< Jesaja 17 >

1 De godsspraak over Damascus en Samaria: Zie, Damascus wordt uit de rij der steden gevaagd, En Samaria zal enkel puinhopen worden;
CARGA de Damasco. He aquí que Damasco dejó de ser ciudad, y será montón de ruina.
2 Hun steden worden voor eeuwig verlaten, En zijn voor de kudden bestemd, Die er ongestoord zullen liggen.
Las ciudades de Aroer desamparadas, en majadas se tornarán; dormirán allí, y no habrá quien los espante.

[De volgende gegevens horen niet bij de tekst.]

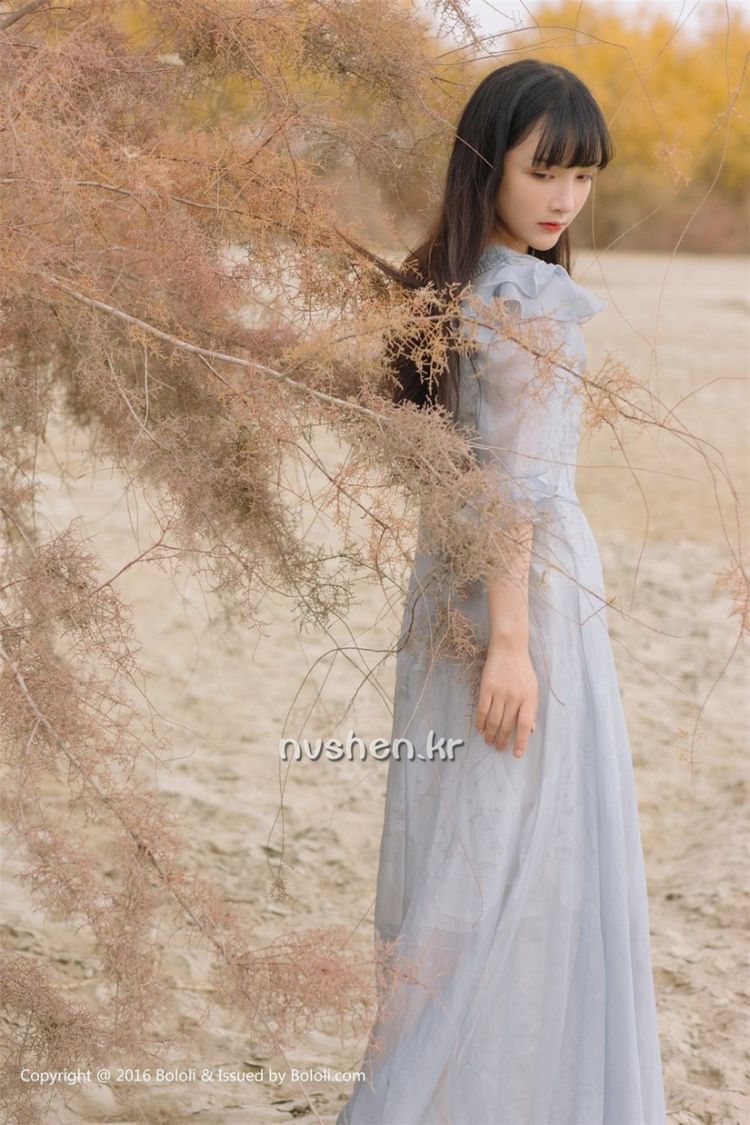 大胆日本美少女中野佑美高清写真套图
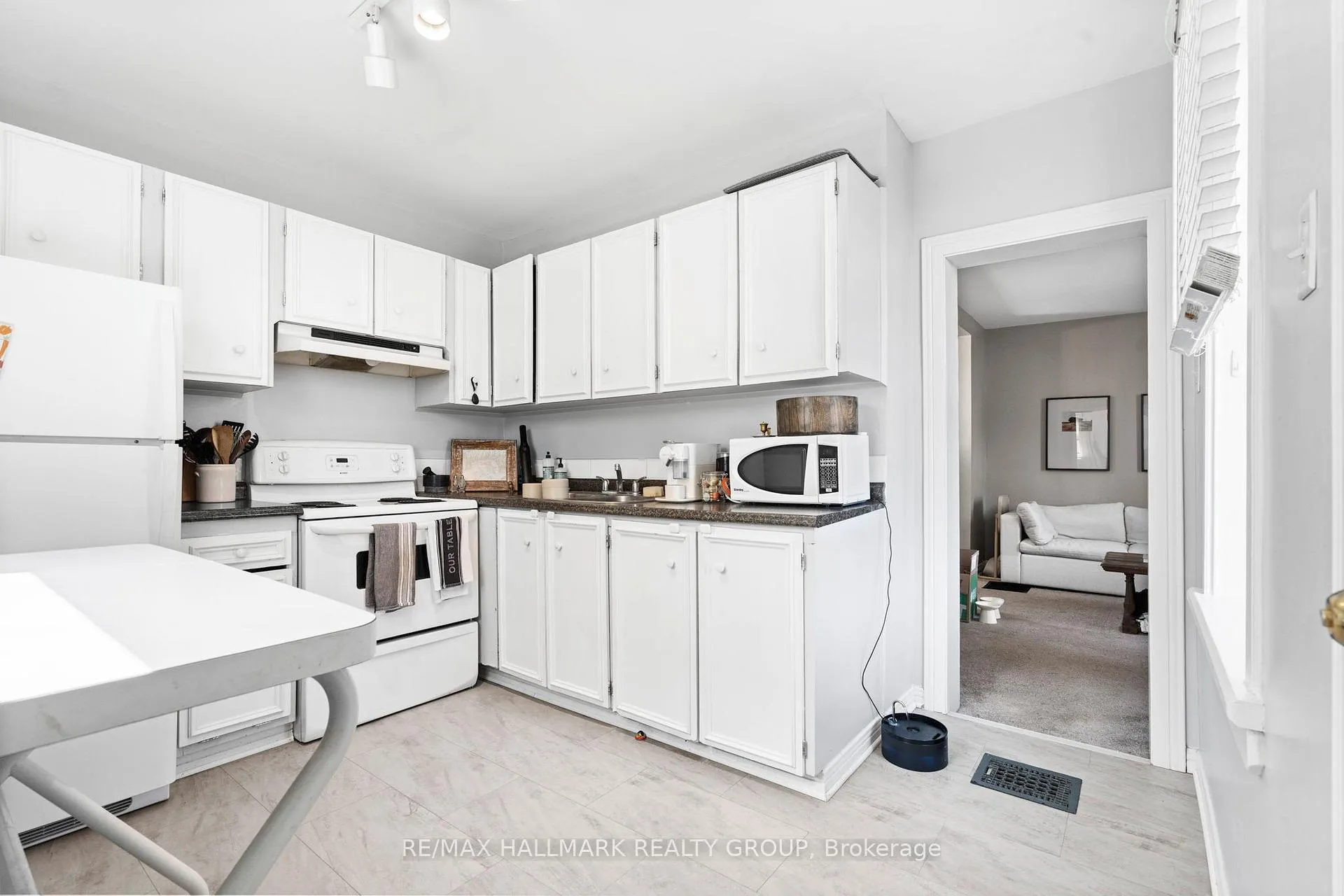 Photo 27 of 58-60 Louisa Street, Ottawa, West Centre Town — HOMEH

3 In Efraïm zal geen vesting meer zijn, Geen koningschap meer in Damascus; Met Arams resten zal het gaan Als met de glorie van Israëls zonen: Is de godsspraak van Jahweh der heirscharen!
Y cesará el socorro de Ephraim, y el reino de Damasco; y lo que quedare de Siria, será como la gloria de los hijos de Israel, dice Jehová de los ejércitos.

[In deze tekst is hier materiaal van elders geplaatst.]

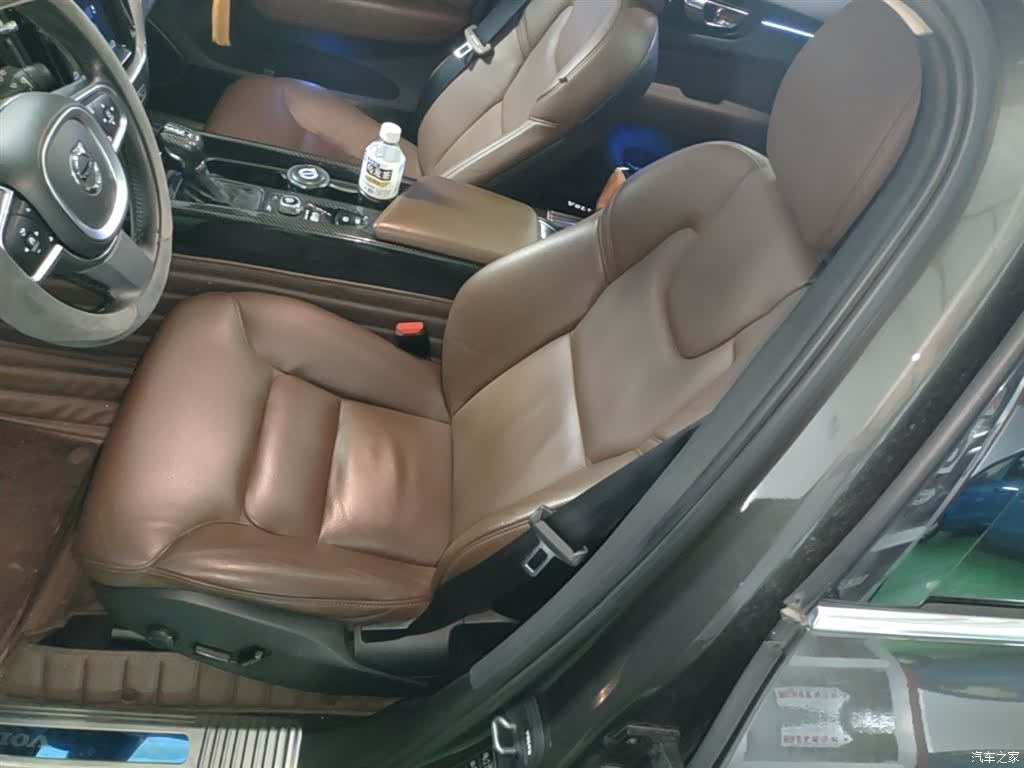 Volvo XC60, 2019 15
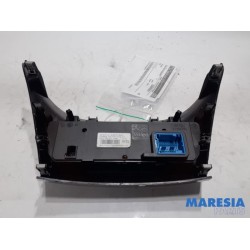 Peugeot - 208 - Panneau de commandes chauffage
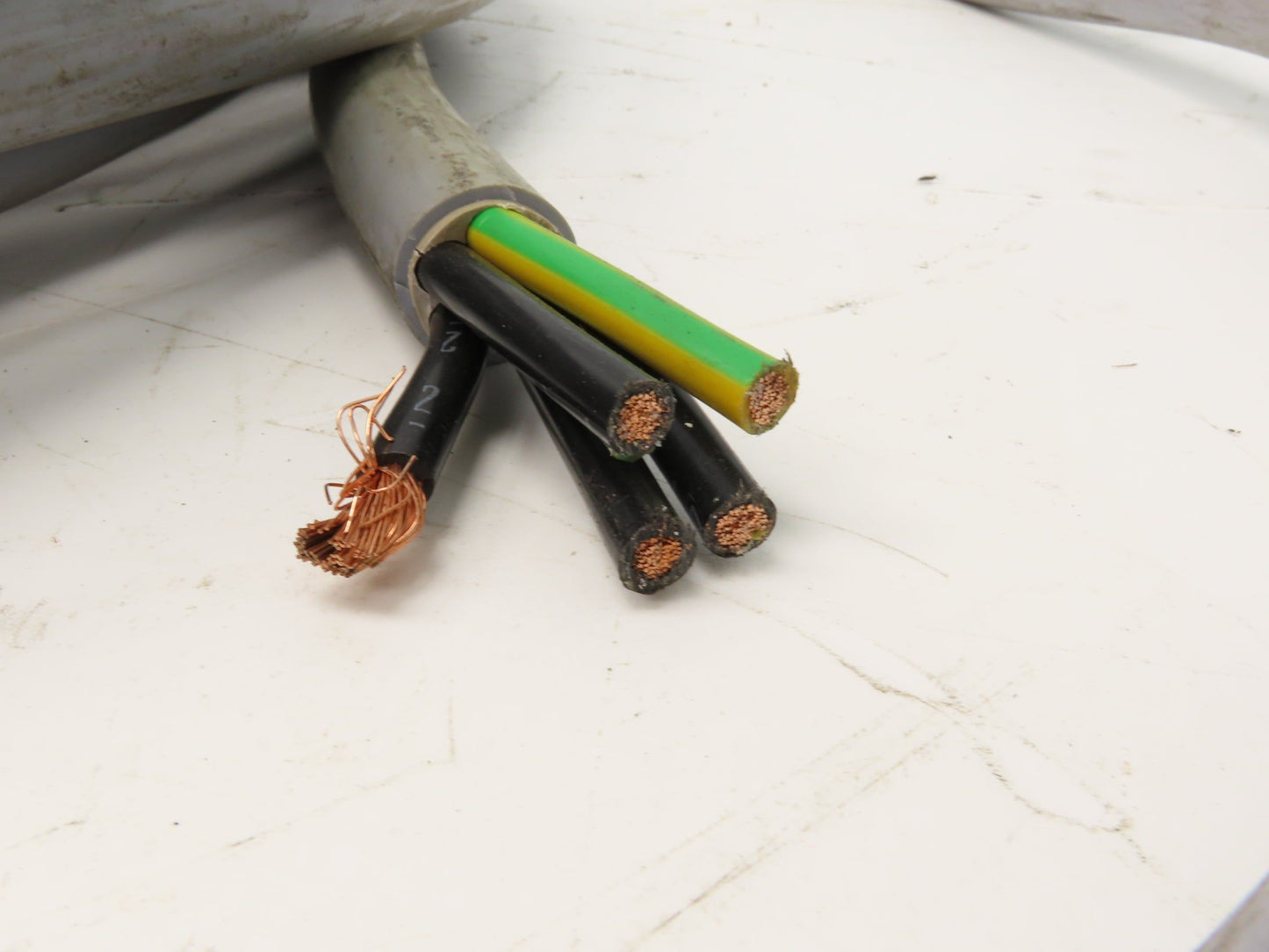 Helukabel JZ-602 Multi-Conductor 6AWG 5 Conductor 48' Cable 600V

4 En het zal gebeuren op die dag, Dat de glorie van Jakob zal tanen, Het vet van zijn lichaam zal slinken.
Y será que en aquel tiempo la gloria de Jacob se atenuará, y enflaqueceráse la grosura de su carne.
5 Het zal zijn, of een maaier de halmen grijpt, En zijn arm er de aren van afsnijdt; Of men aren leest in het Refaïm-dal,
Y será como cuando el segador coge la mies, y con su brazo siega las espigas: será también como el que coge espigas en el valle de Rephaim.

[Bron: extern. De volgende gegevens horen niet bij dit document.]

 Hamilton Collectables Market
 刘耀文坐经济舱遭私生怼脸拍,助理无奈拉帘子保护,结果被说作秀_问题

6 Of een restje blijft hangen, als men olijven afslaat: Twee, drie olijven nog hoog in de top, Vier of vijf aan de takken der bomen: Is de godsspraak van Jahweh, Israëls God!
Y quedarán en él rebuscos, como cuando sacuden el aceituno, dos ó tres granos en la punta del ramo, cuatro ó cinco en sus ramas fructíferas, dice Jehová Dios de Israel.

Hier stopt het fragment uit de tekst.